Re: possible deadlock in send_sigio

Waiman Long <longman@xxxxxxxxxx> · Thu, 11 Jun 2020 09:51:29 -0400

On 6/11/20 3:43 AM, Dmitry Vyukov wrote:
On Thu, Jun 11, 2020 at 4:33 AM Waiman Long <longman@xxxxxxxxxx> wrote:
On 4/4/20 1:55 AM, syzbot wrote:
Hello,

syzbot found the following crash on:

HEAD commit:    bef7b2a7 Merge tag 'devicetree-for-5.7' of git://git.kerne..
git tree:       upstream
console output: https://syzkaller.appspot.com/x/log.txt?x=15f39c5de00000
kernel config:  https://syzkaller.appspot.com/x/.config?x=91b674b8f0368e69
dashboard link: https://syzkaller.appspot.com/bug?extid=a9fb1457d720a55d6dc5
compiler:       gcc (GCC) 9.0.0 20181231 (experimental)
syz repro:      https://syzkaller.appspot.com/x/repro.syz?x=1454c3b7e00000
C reproducer:   https://syzkaller.appspot.com/x/repro.c?x=12a22ac7e00000

The bug was bisected to:

commit 7bc3e6e55acf065500a24621f3b313e7e5998acf
Author: Eric W. Biederman <ebiederm@xxxxxxxxxxxx>
Date:   Thu Feb 20 00:22:26 2020 +0000

      proc: Use a list of inodes to flush from proc

bisection log:  https://syzkaller.appspot.com/x/bisect.txt?x=165c4acde00000
final crash:    https://syzkaller.appspot.com/x/report.txt?x=155c4acde00000
console output: https://syzkaller.appspot.com/x/log.txt?x=115c4acde00000

IMPORTANT: if you fix the bug, please add the following tag to the commit:
Reported-by: syzbot+a9fb1457d720a55d6dc5@xxxxxxxxxxxxxxxxxxxxxxxxx
Fixes: 7bc3e6e55acf ("proc: Use a list of inodes to flush from proc")

========================================================
WARNING: possible irq lock inversion dependency detected
5.6.0-syzkaller #0 Not tainted
--------------------------------------------------------
ksoftirqd/0/9 just changed the state of lock:
ffffffff898090d8 (tasklist_lock){.+.?}-{2:2}, at: send_sigio+0xa9/0x340 fs/fcntl.c:800
but this lock took another, SOFTIRQ-unsafe lock in the past:
   (&pid->wait_pidfd){+.+.}-{2:2}

and interrupts could create inverse lock ordering between them.

other info that might help us debug this:
   Possible interrupt unsafe locking scenario:

         CPU0                    CPU1
         ----                    ----
    lock(&pid->wait_pidfd);
                                 local_irq_disable();
                                 lock(tasklist_lock);
                                 lock(&pid->wait_pidfd);
    <Interrupt>
      lock(tasklist_lock);

   *** DEADLOCK ***
That is a false positive.

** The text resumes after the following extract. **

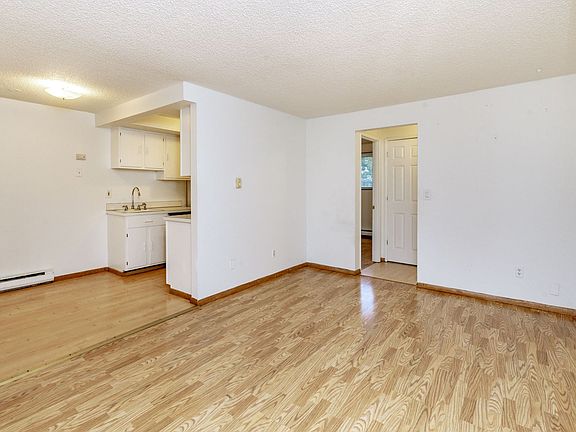 2nd image of 3320 S Ainsworth Ave #Lib-4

The qrwlock has the special property that it
becomes unfair (for read lock) at interrupt context. So unless it is
taking a write lock in the interrupt context, it won't go into deadlock.
The current lockdep code does not capture the full semantics of qrwlock
leading to this false positive.
Hi Longman

Thanks for looking into this.
Now the question is: how should we change lockdep annotations to fix this bug?

There was an old lockdep patch that I think may address the issue, but 
was not merged at the time. I will need to dig it out and see if it can 
be adapted to work in the current kernel. It may take some time.

Cheers,
Longman